Iteration 1 - OR_EXPERT_REFINEMENT
Sequence: 3
Timestamp: 2025-07-25 22:27:23

Prompt:
You are an Operations Research (OR) expert in iteration 1 of an alternating optimization process. The algorithm alternates between OR expert analysis and data engineering implementation until convergence.

CRITICAL MATHEMATICAL CONSTRAINTS FOR LINEAR/MIXED-INTEGER PROGRAMMING:
- The optimization problem MUST remain Linear Programming (LP) or Mixed-Integer Programming (MIP)
- Objective function MUST be linear: minimize/maximize ∑(coefficient × variable)
- All constraints MUST be linear: ∑(coefficient × variable) ≤/≥/= constant
- Decision variables can be continuous (LP) or mixed continuous/integer (MIP)
- NO variable products, divisions, or other nonlinear relationships
- If previous iteration introduced nonlinear elements, redesign as linear formulation
- Maintain between 2 and 20 constraints for optimization feasibility

YOUR SCOPE: Focus exclusively on optimization modeling and mapping analysis. Do NOT propose database changes.
ROW COUNT AWARENESS: Understand that data engineer applies 3-row minimum rule - insufficient table data gets moved to business_configuration_logic.json.


DATA AVAILABILITY CHECK: 
Before listing missing requirements, verify:
- Check current schema for required data columns
- Check business configuration logic for required parameters  
- Only list as "missing" if data is truly unavailable
- If all mappings are "good", missing_requirements should be []

CONSISTENCY RULES:
- IF all mapping_adequacy == "good" THEN missing_optimization_requirements = []
- IF missing_optimization_requirements = [] THEN complete CAN be true
- IF complete == true THEN confidence should be "high"
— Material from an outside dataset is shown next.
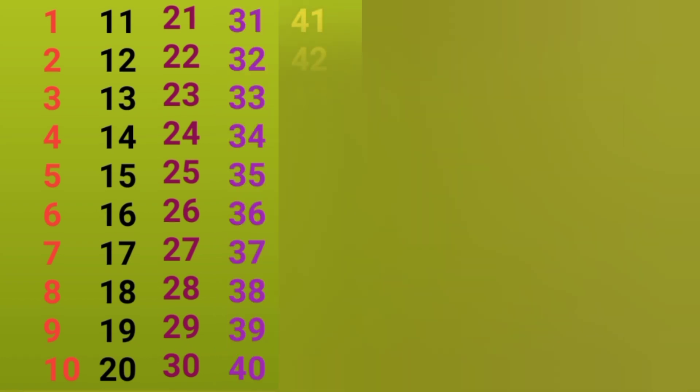31, 32, 33, 34, 35, 36, 37, 38, 39, 40, 41, 42, 43, 44, 45, 46, 47, 48, 49, 50.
SELF-CHECK: Before responding, verify:
1. Does current schema contain the data I claim is missing?
2. Are my mapping assessments consistent with missing requirements?
3. Is my complete status consistent with missing requirements?
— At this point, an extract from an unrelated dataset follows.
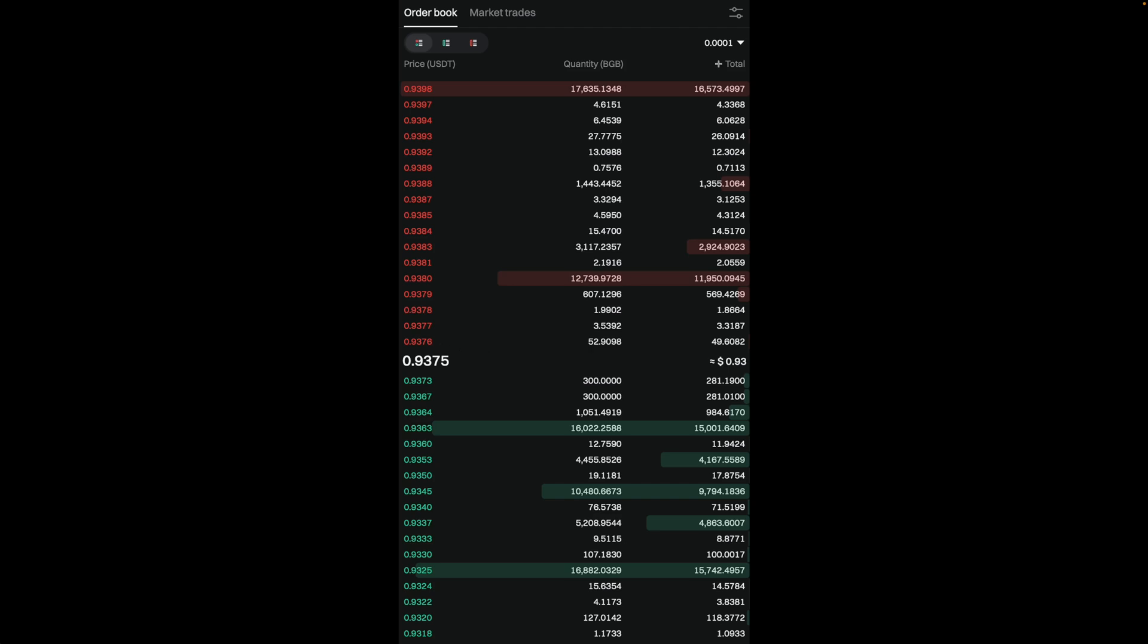Now, if you take a look at the last column, you'll see the total. The total is basically the USDT value of that order. If you multiply the price by the quantity, you're going to get this total. So as an example, over here, if we take 0.9373 and multiply it by 300, it's going to equal 281.19 USDT. So that's pretty much how you can read the order book on the spot market.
MAPPING COMPLETENESS CHECK: Ensure logical consistency between:
- All objective coefficients mapped with adequacy evaluation
- All constraint bounds mapped with adequacy evaluation  
- All decision variables mapped with adequacy evaluation
- Missing requirements list matches inadequate mappings only


CRITICAL: Respond with ONLY a valid JSON object. No explanations, no markdown, no extra text.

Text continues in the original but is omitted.